Given the growing frequency of civil conflicts in the world, and the security concerns these conflicts engender for the United States in the 21st century, the development of human capital that is equipped to deal with these challenges is critical for the national security of the country. The Department of Political Science at the University of North Texas (UNT) initiated a unique program to provide 10 undergraduate students (recruited from across the country) the opportunity to engage in graduate-level research in conflict management and peace studies, in a senior faculty-mentored, in-residence, eight-week, Summer Research Experience (SRE) that integrates training in civil conflict management with training in propositional calculus and computer simulation skills. Participants used propositional calculus and simulations to develop theoretical propositions that will be tested empirically. Participants collected and analyzed empirical data and will report their findings in a national professional political science conference. Activities included workshops on computer simulations, research methodology, and the graduate school application process. There were also activities designed to build a sense of research community among students, faculty and graduate student mentors.

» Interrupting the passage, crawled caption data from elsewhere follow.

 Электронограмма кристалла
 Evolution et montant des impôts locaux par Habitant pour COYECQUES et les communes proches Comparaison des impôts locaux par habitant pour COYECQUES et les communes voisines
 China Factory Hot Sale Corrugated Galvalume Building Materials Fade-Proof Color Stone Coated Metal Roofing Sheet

The political science department at UNT is ideally positioned to offer such a program. With 27 full time faculty members, home to the Vivian Castleberry Peace Institute, and the only degree granting program in peace science in the Southwestern United States, and with some of the most noteworthy scholars in the field of international and civil conflict (as well as having faculty with substantial experience in managing undergraduate research programs) the UNT Department of Political Science is very well equipped to offer an REU on conflict management and peace science.
The collection of papers in this issue of The Eagle Feather is distinguished by the quality, and the sophistication of the empirical analyses.

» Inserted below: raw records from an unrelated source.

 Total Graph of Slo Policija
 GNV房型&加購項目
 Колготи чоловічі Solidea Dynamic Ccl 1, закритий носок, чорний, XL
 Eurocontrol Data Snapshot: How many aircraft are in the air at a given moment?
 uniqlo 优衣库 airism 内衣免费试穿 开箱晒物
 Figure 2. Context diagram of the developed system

Jena Daggett of Trinity University examines the effect that women’s inclusion in the public sphere (as in political inclusion and the provision of a political voice) has on reconciliation in post-civil conflict countries. Using a unique survey of post-conflict individuals, she finds that women are more likely to reconcile with the other side of the conflict when they are included in the public sphere.
Daniel Gustafson of SUNY Albany, investigates the underlying preconditions for state-ethnopolitical organization negotiation. He argues that negotiation between warring parties in a civil conflict is most likely to occur when organizations operate at the extremes of violence, either very low or very high levels, rather than mid-ranges of violence.

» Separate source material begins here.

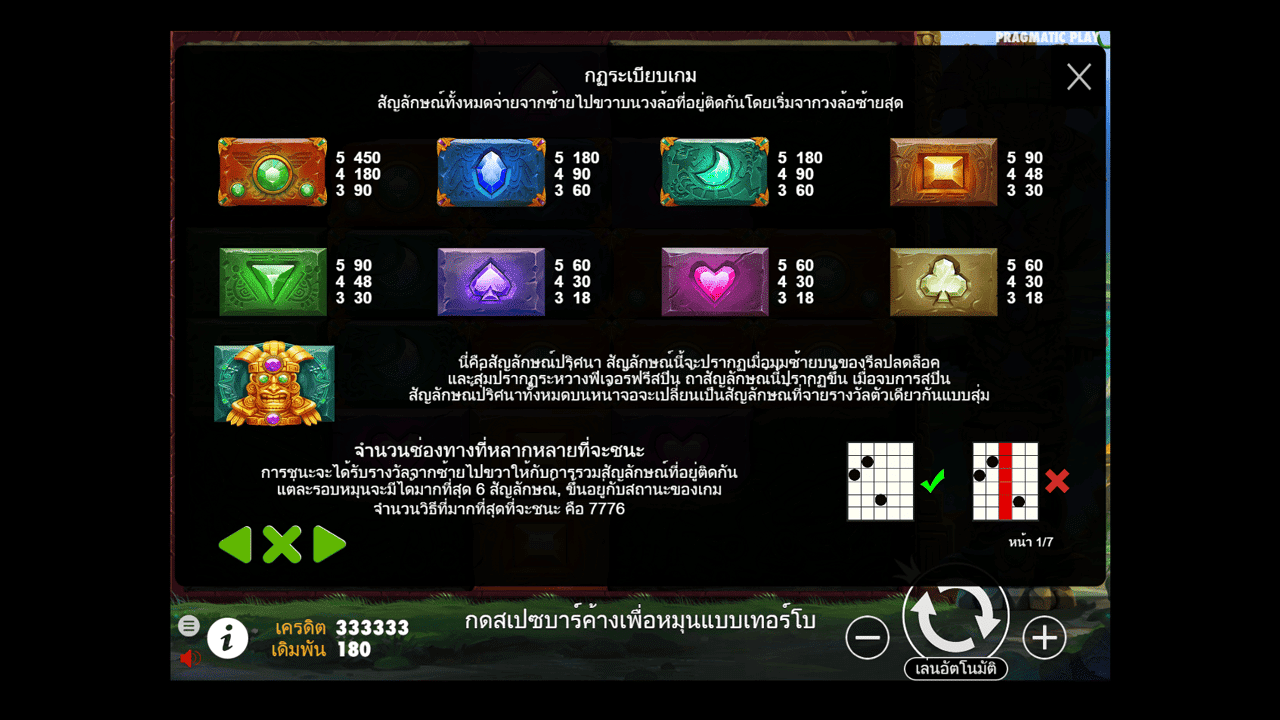 Paytable - Features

Kara Haberstock of the University of Arizona argues that the nature of the state plays a significant role in determining the likelihood of conflict recurrence within post-conflict states. The personalization or institutionalization of state power influences the strength of the state apparatus and its ability to address challenges to its authority and avoid conditions of multiple sovereignty that can lead to renewed civil conflict.
Ryan Madden of SUNY Binghamton examines the role that an independent judiciary serves in the post-conflict environment. He argues that an independent judiciary is endowed with the security-assuring attributes that the previous literature claims to be necessary for political institutions to have in order to facilitate peace in post-conflict societies.
Angela Manglaris of the University of North Texas examines the effects that changes in weather patterns have on human population and conflict. This study argues that the occurrence of an environmental disaster will induce intrastate migration among those who reside in the affected area. Environmentally-induced migration in turn will lead to the presence of low-level civil conflict within the state as large numbers of migrants rapidly enter a host community and alter resource availability, economic conditions, and cultural composition.
Katherine Reinhardt of the University of Central Florida explores the impact of repatriation of refugees on peace durability. She argues that large scale repatriation has a positive impact on the period of peace experienced in post-conflict societies. Her analysis demonstrates that not only is repatriation a significant aspect of establishing an initial peace, but it is also an integral part of sustaining that peace after major civil conflicts
Byron Stoner of Texas A&M Corpus Christi explores the impact of electronic communication on social protest movements and how individuals petition for redress of grievances against the government. He expects that an increase in access to the internet will be associated with an increase in the likelihood of protest. The analysis reveals the existence of a positive and significant relationship between the number of internet users and the likelihood of the onset of protest.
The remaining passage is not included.